Best Contemporary is another category created by the critic to recognize restaurants that are otherwise left out of the game altogether, and though the choice will always be hard, this year we've watched Jason Dady, chef and owner of the Lodge of Castle Hills, 1746 Lockhill Selma, grow up before our very eyes: hitting the national press but also hitting everything just right in the kitchen. It's this emerging maturity that puts him at the top of my list for contemporary cuisine ahead (but just barely, of course) of such worthies as papa Bruce Auden and avuncular Scott Cohen.

Dady's tasting menu seems to work well for both restaurant and diner, offering a range of prices and courses. House-made duck breast prosciutto might be served with grilled ciabatta and persimmon butter as an appetizer, for example. Now, don't tell me this is the stuff of everyday at your house. Nor is braised pork belly likely to be (it tastes way better than it sounds). In the past, seasonally adjusted entrées have included an olive oil-poached grouper with basil pesto and porcini-crusted New Zealand lamb loin. Desserts don't falter either, although you might by that point. Vanilla, hazelnut, and semolina crumble with Dreamsicle mousse, anyone? Best doesn't necessarily mean super serious.
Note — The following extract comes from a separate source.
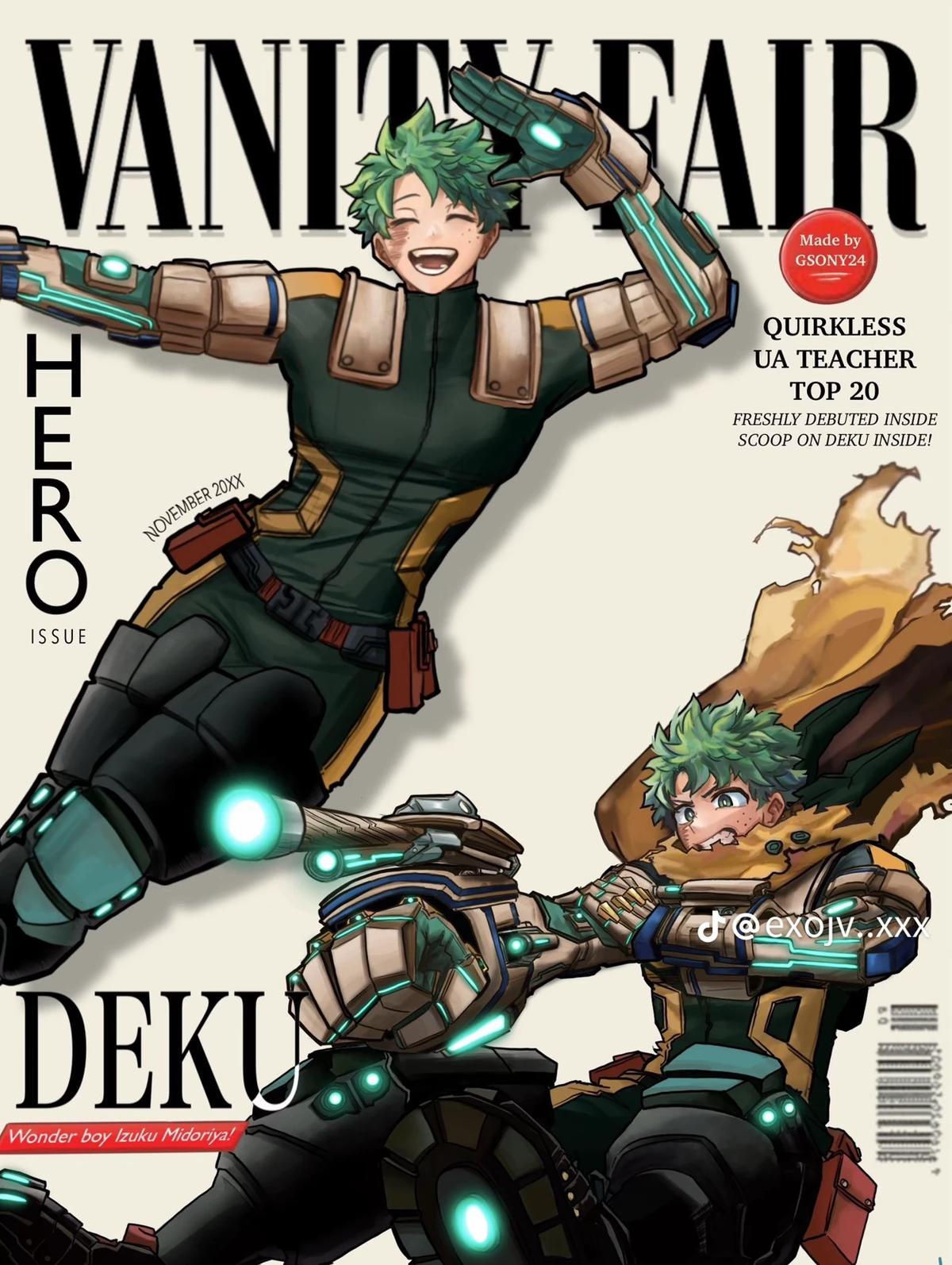 Izuku Midoriya (Teacher AU)  thumbnail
With Best Seafood, it's tempting to beg off and say that the best seafood is that which is the freshest and least fiddled with, say at a sushi restaurant such as Sushihana where they do, indeed, fly in fish daily. This year, comfortably dependable Sea Island won the reader's crown by a comfortable margin, once again putting the critic at odds with most of the voters. Going for a little more intervention in the preparation than sashimi, the critic's nod goes to Pesca, 212 W. Crockett, in the Watermark Hotel & Spa, but not without a degree of trepidation. The opening chef has been let go (though not in the manner of an undersized fish), the manager has been replaced, and yet all seems on the upswing. Scott Cohen, executive chef at La Mansión, has taken over the kitchen with the help of Stevie Paprocki, recently of Ocean Star. Since Luciano Ciorciari, formerly at Las Canarias, has assumed the manager's mantle service has improved and a new tequlia program has been inaugurated. Things are looking up indeed! And there's still nothing like briny-fresh oysters from the Pacific Northwest in a classic mignonette or impeccably fresh branzini flown in from the Mediterranean. Less is often more.

Normally, I'm not into wretched excess at dessert time, so cheesecake is rarely even a contender for Best Dessert. Sorry, the Cheesecake Factory doesn't do it for me, and neither does Marie Callender's. For pie, I'd head to Earl Abel's or Liberty Bar. The latter also ranks high on the scale with Virginia Green's chocolate cake. Biga's sticky toffee pudding is tops in my book, too. But it's an eight-layer chocolate cake with chocolate croquant and chocolate sauce (just to gild the lily) from the hand of Executive Pastry Chef Mickey McPhail at La Mansión that currently has my heart. Moist layers of intensely chocolate génoise alternate with lush ganache to form one of those more-perfect unions. This is one of McPhail's more conventional desserts. Others, such as the deconstructed Love Creek apple pie with orange caramel and Grafton Village cheddar, force us to rethink tradition. Oh, there's also a cheesecake: mascarpone with Saigon cinnamon and sweet curry apples. Maybe I'll rethink my cheesecake reluctance, too.